“I think she was surprised that I wasn’t moaning with shock and pleasure,” Jonathan Franzen says of his phone call with Oprah Winfrey in Boris Kachka’s Hothouse, recently excerpted at Slate. “I’d been working nine years on the book and FSG had spent a year trying to make a best-seller of it. It was our thing. She was an interloper, coming late, and with an expectation of slavish gratitude and devotion for the favor she was bestowing.”

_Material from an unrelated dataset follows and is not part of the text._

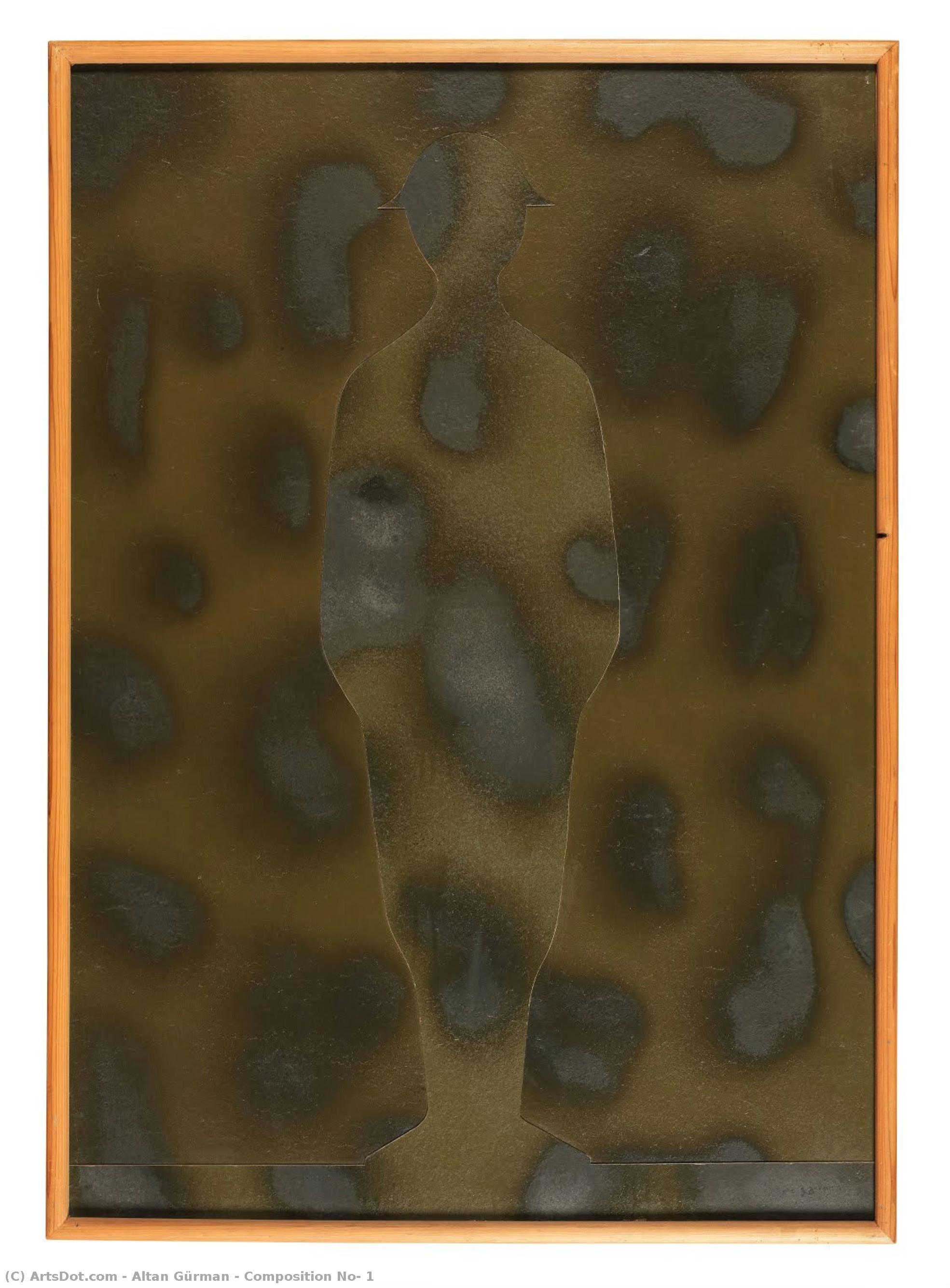 Composition No: 1 — Altan Gürman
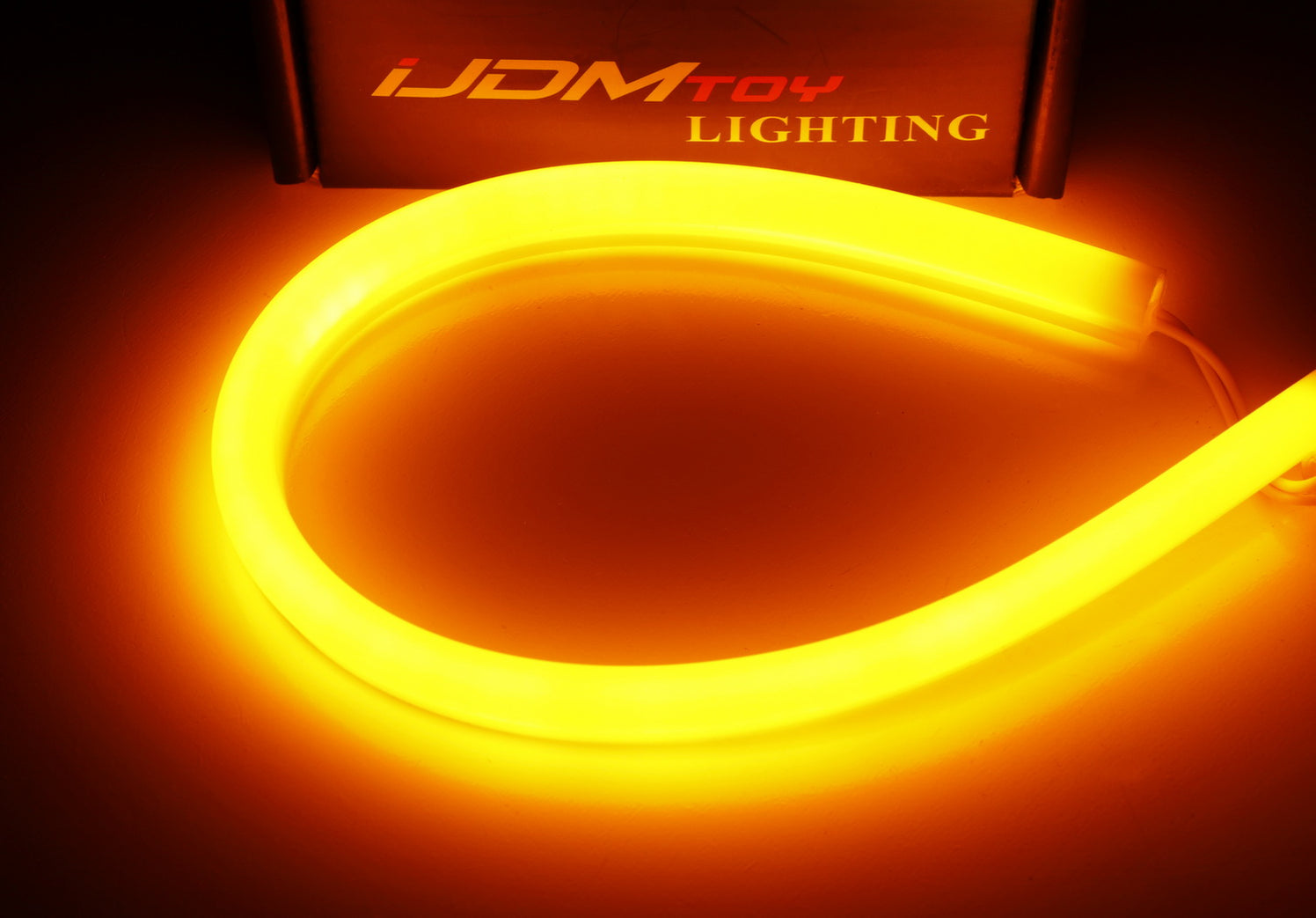 IJDMTOY  20  Xenon White 12V LED Emitter Lights For Headlights Daytime Running Lights Angel Eyes Fog Retrofit Diy Use - View #2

Here’s the thing: I like Jonathan Franzen as a writer, but if Oprah called me and told me she and told me that she liked my book, and essentially wanted to wave her magic wand and make the novel I worked so hard on into a bestseller, I would be a hell of a lot more grateful. And even if I made that mistake, you can bet that I wouldn’t pretend to make nice with Oprah before turning around and calling her an “interloper” because she helped make me rich. Just the idea of Franzen’s initial ungratefulness sorta backs up my idea that just because you’re a smart writer, doesn’t mean you necessarily have any common sense.
But that’s far from Franzen’s only sin: like the literary Energizer Bunny, he has kept going and going, writing great books while doing things that have, at one point or another, pissed off just about everyone who’s ever heard of him. Think I’m picking on him? Ever Google “Jonathan Franzen asshole” before?
Now try that with another literary fiction author of Franzen’s caliber, like Jeffrey Eugenides or Zadie Smith, and you’ll quickly find that readers, at least ones who publish their opinions on the Internet, harbor a particular degree of vitriol for J-Franz.
My question is this: are we — am I — taking Jonathan Franzen’s irritating comments totally out of context? Has the Freedom writer just become an easy target? Does he open himself up to these misinterpretations of his words and work, or is he just simply a jerk?